Why are higher-order logics less well-behaved?
Unfortunately the term is ambiguous: there two kinds of semantics of higher-order languages, and only one is problematic. Consider the language of second-order arithmetic, where there are quantifiers over both natural numbers and sets of natural numbers.
First is what Quine called "set-theory in sheep's clothing": this is where quantification over sets of natural numbers is defined to be over all the sets of number that can be posited. It's the theory we use when we prove that there can be only one complete, totally ordered field. It isn't really a logic, there's no complete notion of proof formalisation for it. Wikipedia calls this "standard semantics"; I'm not sure if there is an authority for this.
Then there's Henkin semantics, which uses the rule analogous to the lambda-calculus to define a semantics for second-order quantifiers. This can be seen as still in the realm of first-order logic, in that sense that the second-order system can be translated into a first-order system conserving provability. This is how second-order arithmetic is defined.

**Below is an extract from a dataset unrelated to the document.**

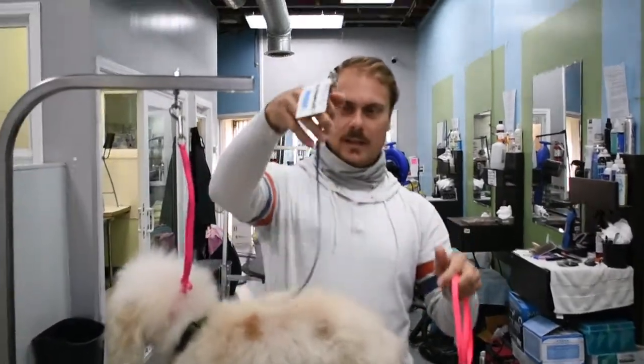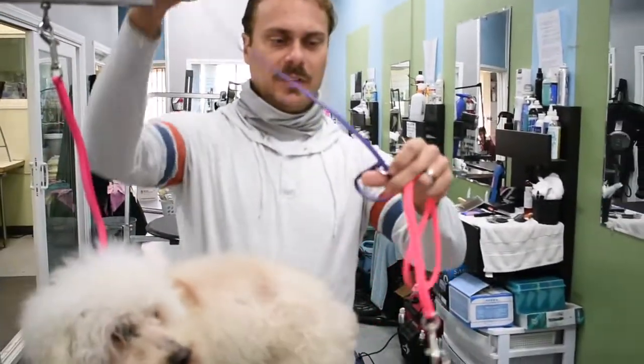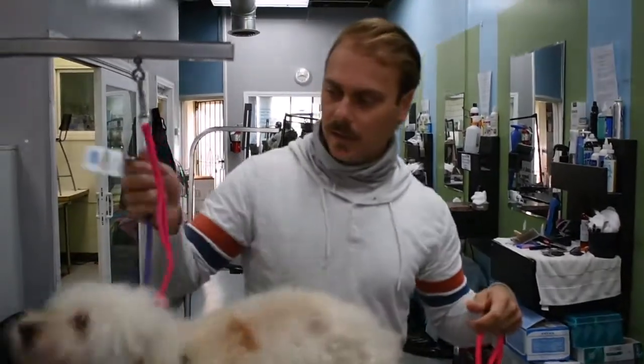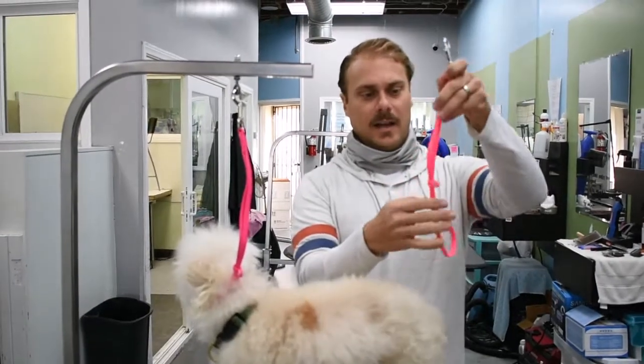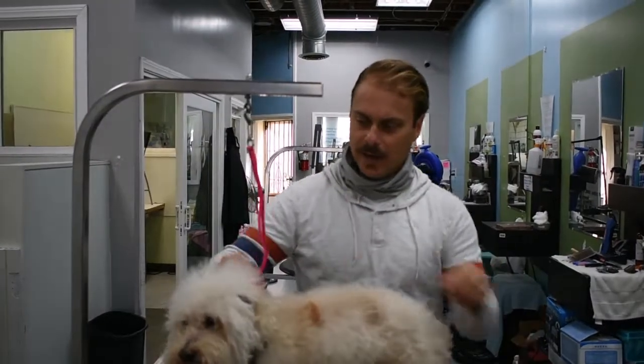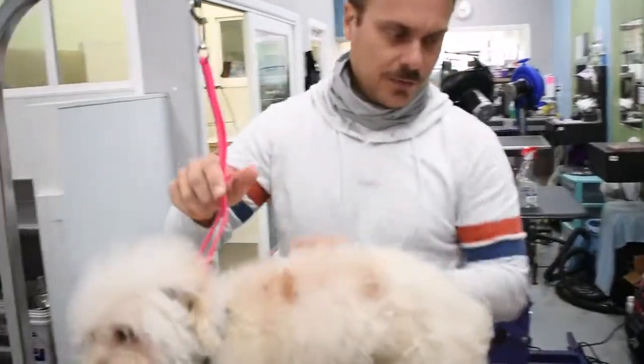You have one that is a slip style like this, where you don't have to adjust — you can just put it on your dog and be ready. And the other one is a slide style where you slide this up and down. This is what he has right now. So those are the two different styles.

All the theorems of the Henkin semantics will be "theorems" in the first.
Second-order logic does not satisfy the completeness and compactness theorems. Here is a proof that the compactness theorem fails (which itself implies that the completeness theorem fails, because completeness implies compactness). Namely, there is a second-order way (call it $F$) of expressing that a set is finite: every injective function on the set is surjective. This means that if $P$ is a relation on the product set $S \times S$ such that $P$ satisfies the conditions to be a function, and $P(x,y), P(z,y)$ imply $x=z$, then for all $w$ there is $q$ with $P(w,q)$. This statement is quantified over $P$ as well as the variables $x,y,z,w,q$ so is second-order and clearly expresses finiteness.
However, we also have the statement $T_n$ "there exist distinct $x_0, \dots x_n$ in the set," which is even first order, and states that the set has cardinality at least $n$. So the conjunction of $F$ and any finite collection of the $T_n$ is satisfiable, but all of them together cannot be satisfied.